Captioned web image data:
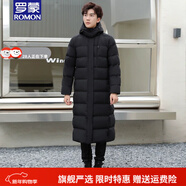 羅蒙品牌中戲加厚羽絨服加長(cháng)款情侶男女東北超厚極寒零下40度大衣 長(cháng)款95絨黑色極厚-男款 【到小腿】 XS (75-90斤/374g)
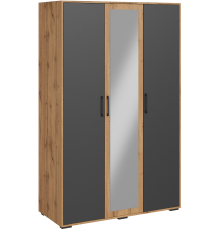 Шкаф DIWO Кострома 120x52x191 см, трехдверный с зеркалом, антрацит, дуб вотан, ручка черная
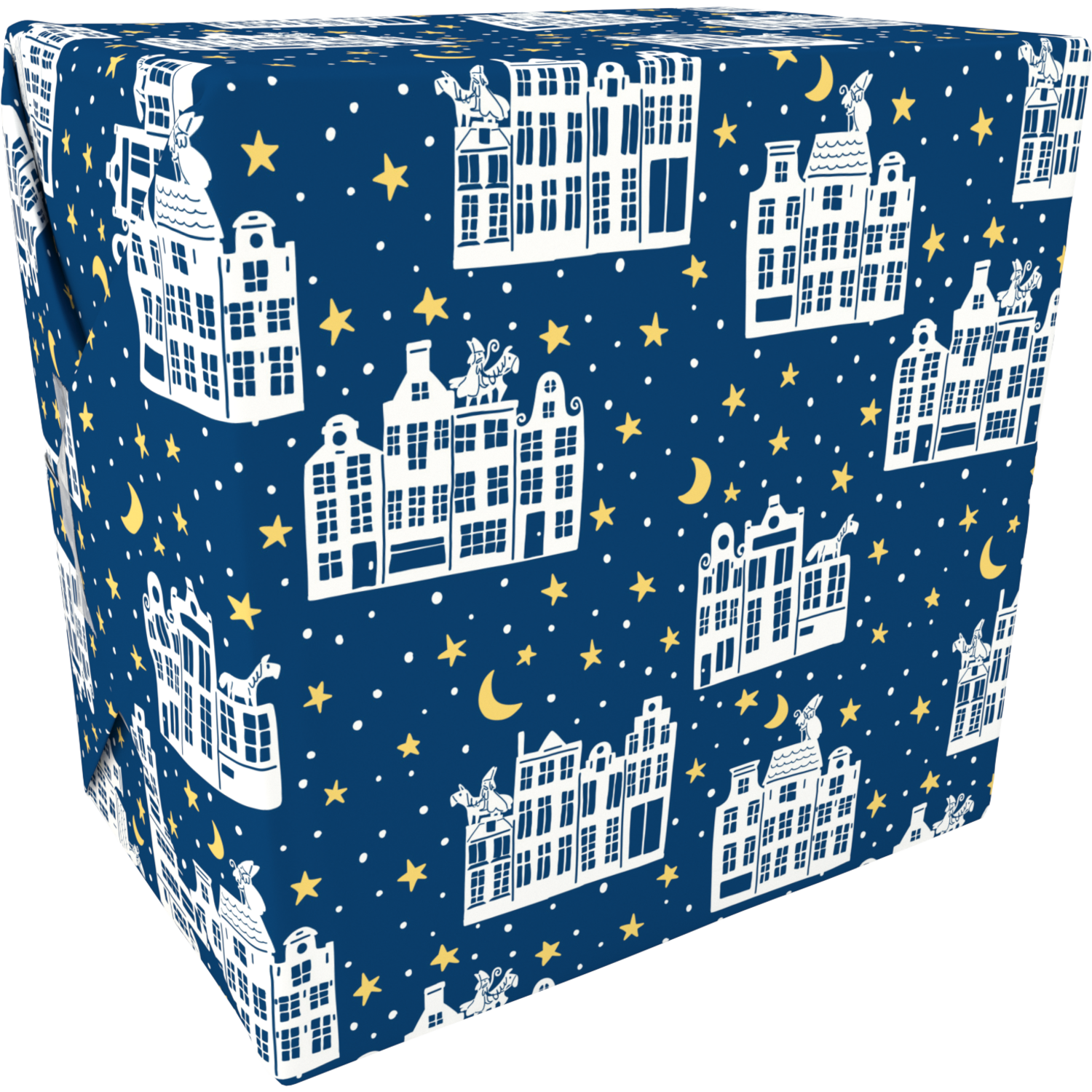 Cadeaupapier, 50cm, 200m, 80gr/m², Stille nacht, blauw/geel 1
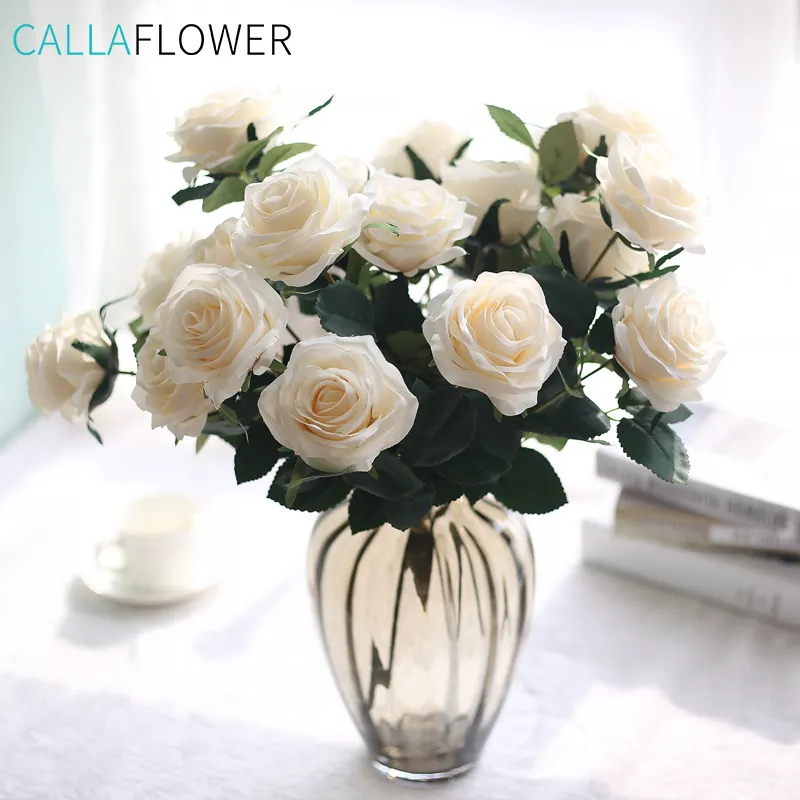 Fake Flower Wholesale Silk Rose Flowers Bouquet Decorative Artificial Flower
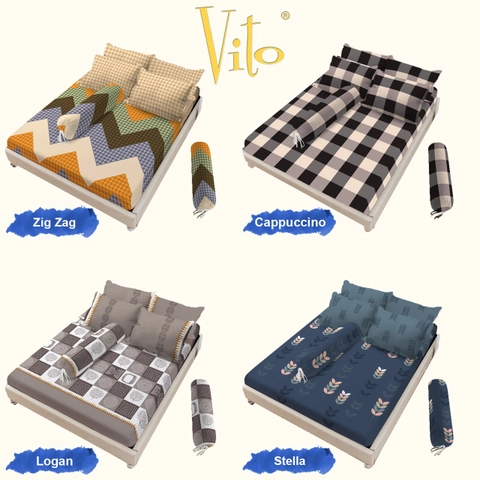 Rosanna - Sprei Set Vito Motif Minimalis Aesthetic Ukuran King 180x200 Queen 160x200 Single 120x200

Work item:
In your reply, please set down exactly the lines from the one containing "Cadeaupapier, 50cm, 200m, 80gr/m², Stille" through the end of the records, with the pictures left out.

Answer to this problem:
 Cadeaupapier, 50cm, 200m, 80gr/m², Stille nacht, blauw/geel 1
 Fake Flower Wholesale Silk Rose Flowers Bouquet Decorative Artificial Flower
 Rosanna - Sprei Set Vito Motif Minimalis Aesthetic Ukuran King 180x200 Queen 160x200 Single 120x200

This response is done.